Source records: Begin
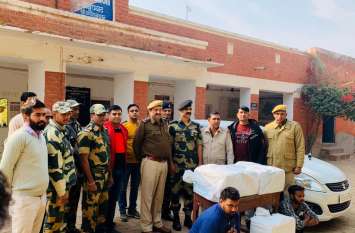 BSF: Seized 75000 tramadol tablets BSF: बॉर्डर पर पकड़ी नशे की 75 हजार टैबलेट्स पकड़ी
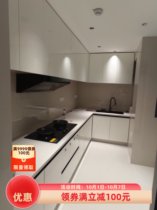 Chongqing new skin-feel customized imported PET high-gloss door panel European pine board light luxury wardrobe kitchen cabinet door whole house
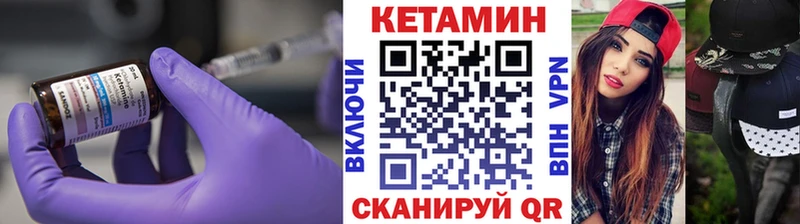 купить наркотик  сайты даркнета телеграм  КЕТАМИН VHQ  Нюрба 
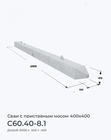 С60.40-8.1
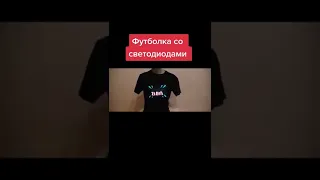 Футболка с дисплеем с AliExpress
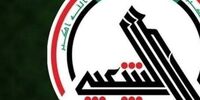 فوری و تکان‌دهنده: تسلیت حشد شعبی و چارچوب هماهنگی برای شهادت امام خامنه‌ای؛ دنیا در شوک!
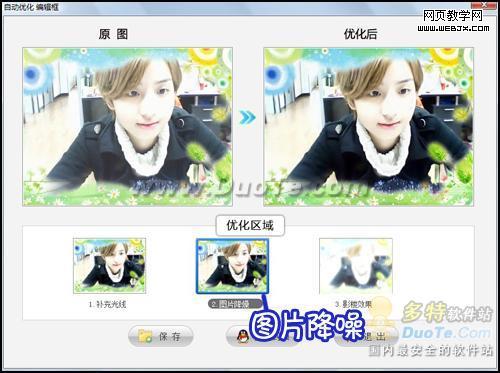 �޸��Ż�����ͷ��Ƭ ����ͼ���ĸ㶨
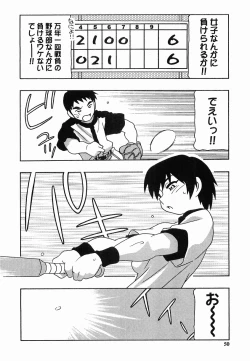 Page 50 of SCHOOL DAYs second season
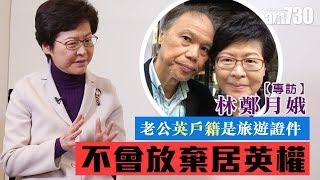 【舊專訪重溫】林鄭月娥: 老公英戶籍是旅遊證件   不會放棄居英權  2017-03-15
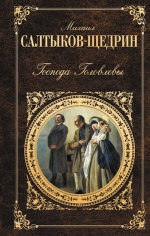Салтыков-Щедрин М.Е.. Господа Головлевы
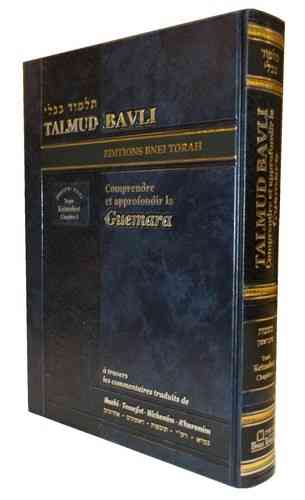 Talmud (Bnei Torah): Ketoubot chap. 1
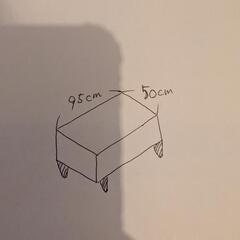 2wayソファ　ソファベッドの画像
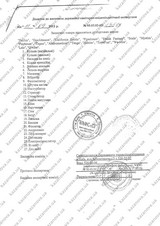 Сертификат Казанова 123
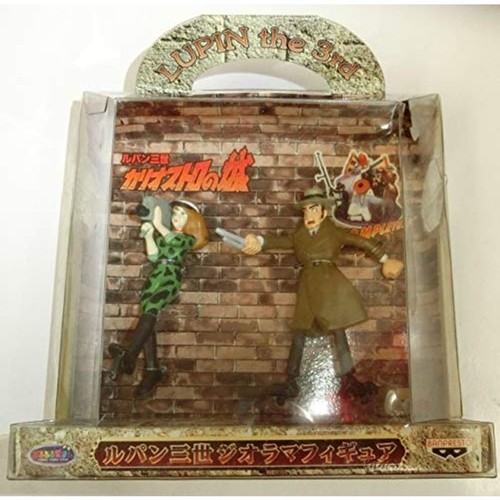 Banpresto lupin iii diorama - banpresto,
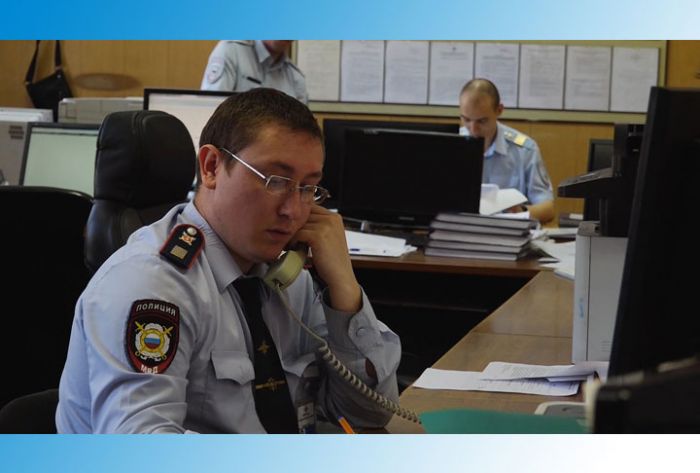 УМВД информирует. 10 сентября 2019 г.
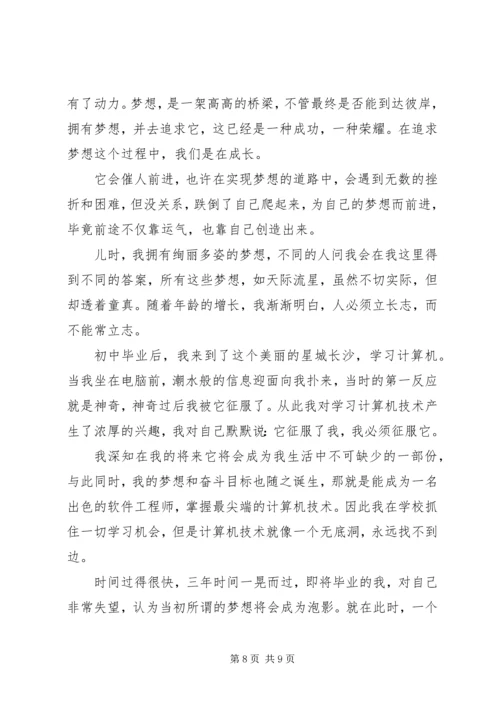 关于我的理想的优秀演讲稿.docx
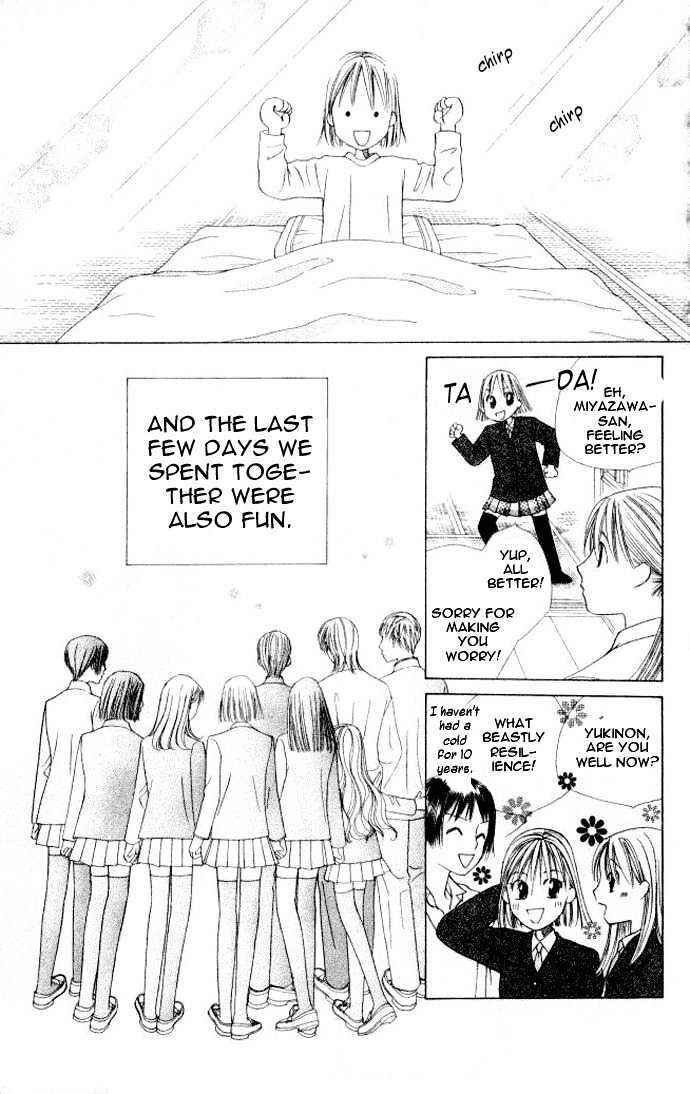 Page 28 Chapter 47 His and Her Circumstances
Source records: End
The problem
Ignoring the pictures, write out word for word the lines from the line containing "сайты даркнета телеграм" through the end of the material above.

Response area
 купить наркотик  сайты даркнета телеграм  КЕТАМИН VHQ  Нюрба 
 С60.40-8.1
 Футболка с дисплеем с AliExpress
 فوری و تکان‌دهنده: تسلیت حشد شعبی و چارچوب هماهنگی برای شهادت امام خامنه‌ای؛ دنیا در شوک!
 �޸��Ż�����ͷ��Ƭ ����ͼ���ĸ㶨
 Page 50 of SCHOOL DAYs second season
 【舊專訪重溫】林鄭月娥: 老公英戶籍是旅遊證件   不會放棄居英權  2017-03-15
Салтыков-Щедрин М.Е.. Господа Головлевы
 Talmud (Bnei Torah): Ketoubot chap. 1
 2wayソファ　ソファベッドの画像
 Сертификат Казанова 123
 Banpresto lupin iii diorama - banpresto,
 УМВД информирует. 10 сентября 2019 г.
 关于我的理想的优秀演讲稿.docx
 Page 28 Chapter 47 His and Her Circumstances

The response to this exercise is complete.